What to work on: Please report each line of the data below that contains "Photo".

Information shown:
◇ ◇ ◇
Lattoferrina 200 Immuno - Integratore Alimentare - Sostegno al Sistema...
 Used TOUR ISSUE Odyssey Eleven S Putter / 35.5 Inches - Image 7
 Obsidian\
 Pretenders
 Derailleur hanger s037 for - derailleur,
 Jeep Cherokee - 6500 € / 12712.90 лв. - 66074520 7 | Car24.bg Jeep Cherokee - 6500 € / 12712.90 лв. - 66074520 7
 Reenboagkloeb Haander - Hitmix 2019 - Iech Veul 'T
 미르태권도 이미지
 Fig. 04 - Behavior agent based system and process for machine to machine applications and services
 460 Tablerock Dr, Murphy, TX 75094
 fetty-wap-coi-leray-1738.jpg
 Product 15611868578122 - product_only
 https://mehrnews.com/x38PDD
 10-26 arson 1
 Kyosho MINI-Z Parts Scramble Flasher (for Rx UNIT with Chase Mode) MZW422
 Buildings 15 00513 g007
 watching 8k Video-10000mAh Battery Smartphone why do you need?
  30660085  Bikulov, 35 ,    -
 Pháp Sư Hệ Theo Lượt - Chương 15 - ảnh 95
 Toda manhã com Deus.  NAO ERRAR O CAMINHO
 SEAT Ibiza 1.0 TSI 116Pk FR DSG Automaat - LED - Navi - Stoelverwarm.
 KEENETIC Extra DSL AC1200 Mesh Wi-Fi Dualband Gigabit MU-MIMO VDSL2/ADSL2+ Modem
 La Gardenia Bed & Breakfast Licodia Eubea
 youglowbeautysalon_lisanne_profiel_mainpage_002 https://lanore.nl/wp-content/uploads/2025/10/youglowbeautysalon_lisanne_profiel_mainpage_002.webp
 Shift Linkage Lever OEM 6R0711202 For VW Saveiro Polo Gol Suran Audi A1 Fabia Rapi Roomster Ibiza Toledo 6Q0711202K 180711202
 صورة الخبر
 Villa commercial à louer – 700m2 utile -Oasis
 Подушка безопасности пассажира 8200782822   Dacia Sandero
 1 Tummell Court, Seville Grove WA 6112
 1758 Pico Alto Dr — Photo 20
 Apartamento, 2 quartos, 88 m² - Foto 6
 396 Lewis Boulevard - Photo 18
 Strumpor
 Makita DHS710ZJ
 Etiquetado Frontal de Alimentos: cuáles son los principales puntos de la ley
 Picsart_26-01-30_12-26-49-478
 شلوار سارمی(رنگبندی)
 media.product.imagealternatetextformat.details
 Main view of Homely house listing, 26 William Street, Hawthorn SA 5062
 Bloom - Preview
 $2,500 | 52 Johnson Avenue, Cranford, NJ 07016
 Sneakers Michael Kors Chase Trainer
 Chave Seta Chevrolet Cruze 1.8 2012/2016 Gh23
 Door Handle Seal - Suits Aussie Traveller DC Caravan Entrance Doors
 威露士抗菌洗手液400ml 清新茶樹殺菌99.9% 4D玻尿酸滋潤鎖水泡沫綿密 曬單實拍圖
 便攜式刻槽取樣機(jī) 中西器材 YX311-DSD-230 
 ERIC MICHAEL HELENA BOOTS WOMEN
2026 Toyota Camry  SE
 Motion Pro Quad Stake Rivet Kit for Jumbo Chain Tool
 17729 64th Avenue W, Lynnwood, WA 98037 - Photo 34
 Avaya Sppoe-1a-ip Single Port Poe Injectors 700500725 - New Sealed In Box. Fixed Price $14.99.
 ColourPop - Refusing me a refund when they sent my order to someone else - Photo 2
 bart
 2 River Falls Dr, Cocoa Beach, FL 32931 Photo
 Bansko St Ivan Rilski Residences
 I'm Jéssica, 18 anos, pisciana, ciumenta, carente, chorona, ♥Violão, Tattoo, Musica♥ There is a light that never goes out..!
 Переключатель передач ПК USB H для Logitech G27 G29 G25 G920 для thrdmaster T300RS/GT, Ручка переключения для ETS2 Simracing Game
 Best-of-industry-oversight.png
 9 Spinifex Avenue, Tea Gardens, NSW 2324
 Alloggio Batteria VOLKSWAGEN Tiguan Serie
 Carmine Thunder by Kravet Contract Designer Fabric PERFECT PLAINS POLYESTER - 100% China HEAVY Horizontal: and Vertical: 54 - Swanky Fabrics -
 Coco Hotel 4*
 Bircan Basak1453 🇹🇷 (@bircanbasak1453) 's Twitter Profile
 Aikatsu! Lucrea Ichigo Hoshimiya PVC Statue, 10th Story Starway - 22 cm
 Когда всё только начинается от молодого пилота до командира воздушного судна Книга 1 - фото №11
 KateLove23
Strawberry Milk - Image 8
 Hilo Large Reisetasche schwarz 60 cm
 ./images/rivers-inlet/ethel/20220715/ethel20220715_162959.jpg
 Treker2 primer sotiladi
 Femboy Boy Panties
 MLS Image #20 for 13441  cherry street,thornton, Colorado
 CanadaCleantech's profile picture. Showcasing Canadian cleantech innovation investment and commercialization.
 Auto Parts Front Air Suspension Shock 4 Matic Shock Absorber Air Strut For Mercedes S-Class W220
◇ ◇ ◇
Response:
 1758 Pico Alto Dr — Photo 20
 396 Lewis Boulevard - Photo 18
 17729 64th Avenue W, Lynnwood, WA 98037 - Photo 34
 ColourPop - Refusing me a refund when they sent my order to someone else - Photo 2
 2 River Falls Dr, Cocoa Beach, FL 32931 Photo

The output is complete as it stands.